There were a lot of fun elements to this movie. Starting from the top down: Malcolm McDowell. If you’re making a thriller or a sci-fi movie (maybe even a sci-fi thriller) and you can afford it, it’s never a bad idea to have Malcolm McDowell as a member of your cast. This is particularly true when the movie calls for the most sociopathic Human Relations director the corporate world has ever seen.

Five strangers wake up in a room with no means of escape. Initially distrustful of each other, as they calm down and begin to speak with one another they all realize that they are each up for a job at the Carcharias Corporation, a mysterious organization which buys other companies, strips them down and sells them for profit. Before this realization even has time to settle in, the group hears a phone ringing from a nearby air vent. Upon retrieving and answering it the voice on the other end, revealed to be The Employer (McDowell), asks to be put on speakerphone before revealing their eventual fates.

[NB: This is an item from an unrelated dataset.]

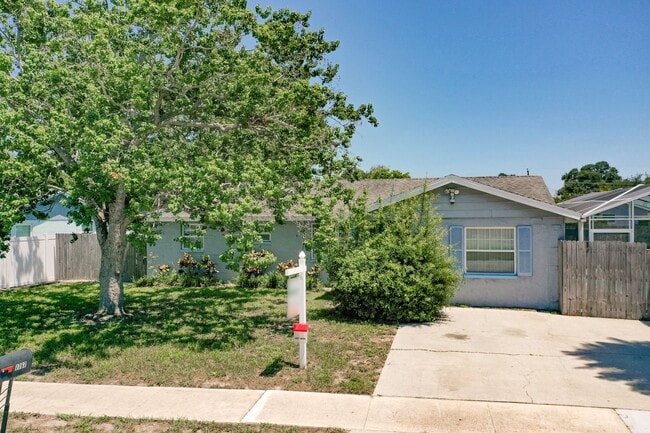 Building Photo - 4 Bedroom POOL Home in Largo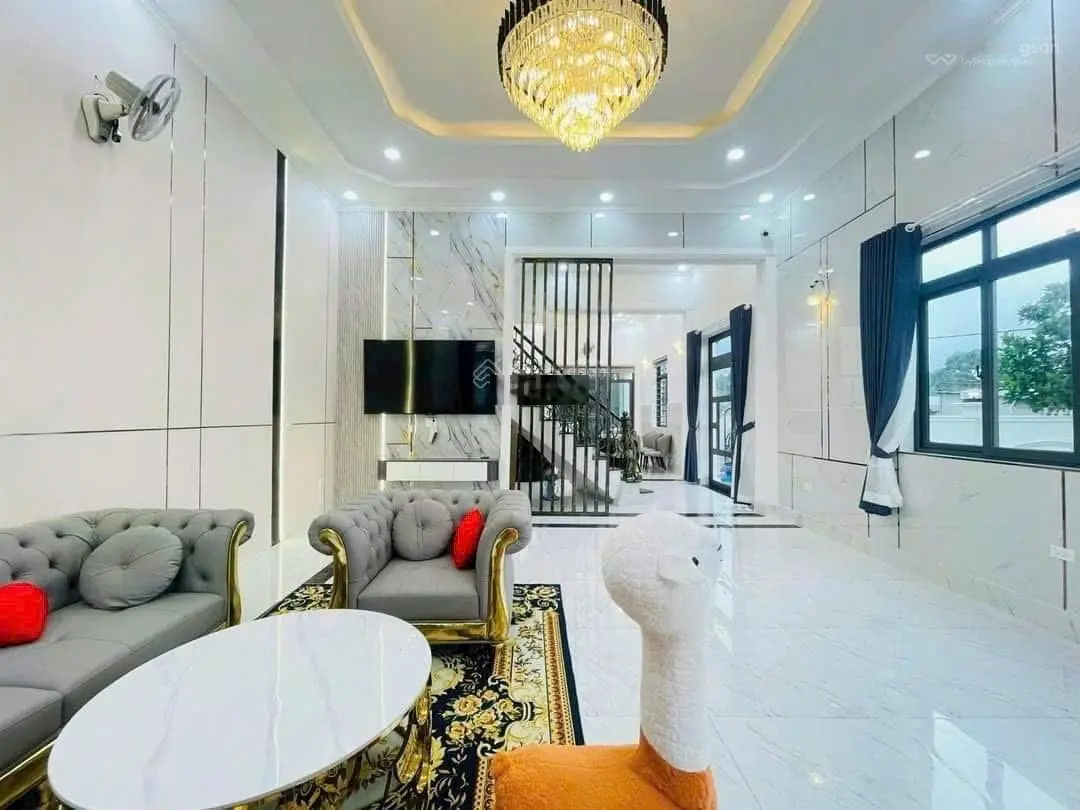 Nhà Quận 7, 2 tầng, 70m2, Huỳnh Tấn Phát, 5 tỷ nhỉnh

Trying to call the authorities will be useless. The group is limited to five outgoing calls so they must use them wisely. Most importantly, this is their final interview for the position. Each of the five people is direct competition to the other four. The only means of eliminating the competition is (hopefully you’ve figured it out by now) by killing them. While all of this is being explained to the group the viewer can see The Employer casually meandering about his luxurious estate. This is why Malcolm McDowell was so perfect for this role – as the reality of imminent death is setting in on each of the five members, The Employer has a very laid back and easygoing nature. Lastly, as each person dies, a call will come in with a code that they will need in order to open the door and exit the room.

Despite the fact that at this point the group of five has already begun to distrust each other, they decide to make a pact to go against their captor and not kill each other. They further this sentiment by collecting items that they could use in a violent fashion (belts, high-heeled shoes, etc) and storing them in the air vent.

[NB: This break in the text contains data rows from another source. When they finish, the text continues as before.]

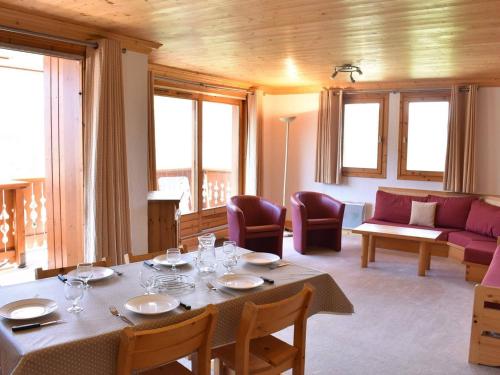 Appartement Méribel 4 pièces 8 personnes FR 1 180 174 — 4-Star Luxury Hotel in Meribel, France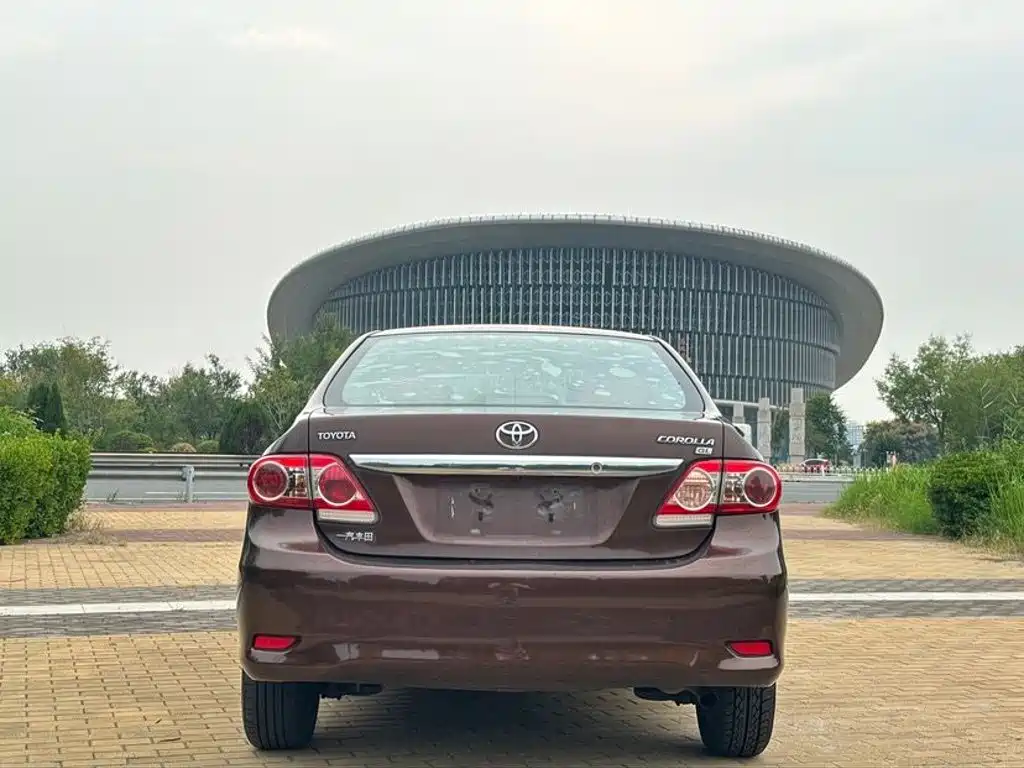 Toyota Corolla — миниатюра 5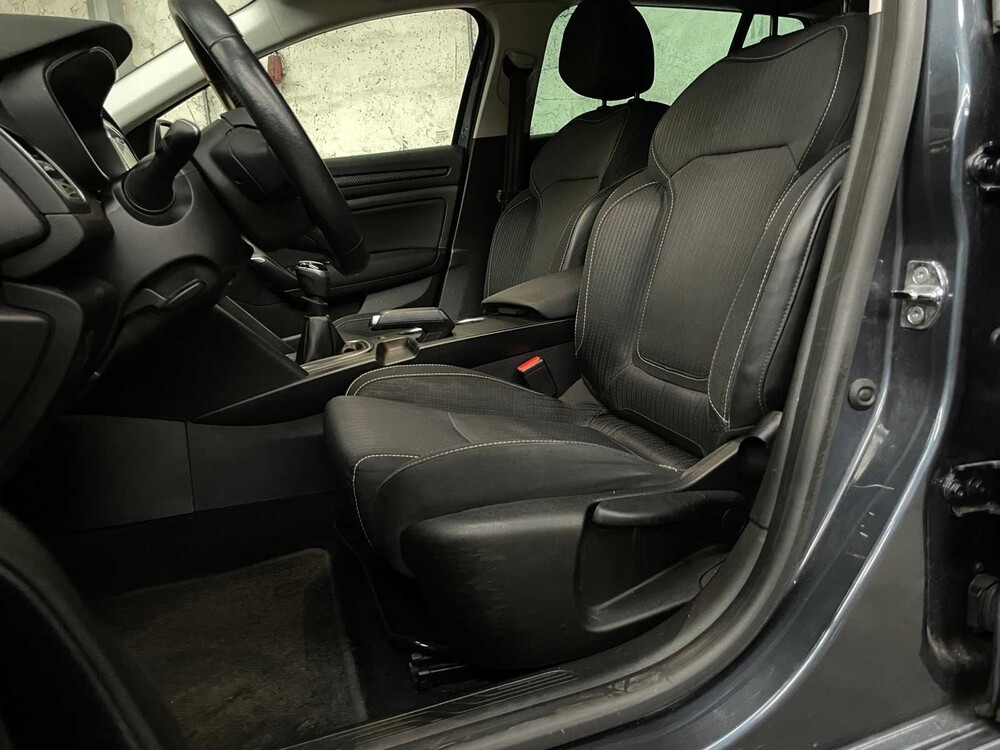 Renault Mégane Kombi 1.2 TCe Limited 132PS 2018 -Orig. NL-, SF-883-B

As they begin discussing the ramifications of their current predicament the viewer begins to learn more about them and their highly differing backgrounds. This is done in an interesting manner. First, we see a group of five individuals who are scared for their lives. Second, we see clips of them in their individual interviews with The Employer. It is an interesting contrast to see the faces that they put on in their quest for corporate glory as opposed to their real, primal selves as their situation slowly deteriorates. It’s only a matter of time before self-preservation kicks in and the job is quickly forgotten as each person fights to stay alive.

While it may sound like a rehash of movies of a similar nature (Cube, Unknown (2006), the Saw series, etc), The Employer really isn’t as similar as it seems. The common denominator linking the group is what they all thought was a highly sought after job. That’s it. It’s not due to their lifestyle choices. They don’t have special talents that should help each other survive. They aren’t suffering from amnesia. They are just five people who happened to unfortunate enough apply for a position at a company with really rough hiring practices. Additionally, their deaths aren’t due to elaborately planned out contraptions which give them some kind of horrible decision between dying or being maimed. Their survival is dependent primarily on their ability to kill. That’s why The Employer shouldn’t be put on the same shelf as similar titles. It does a fine job standing out on its own.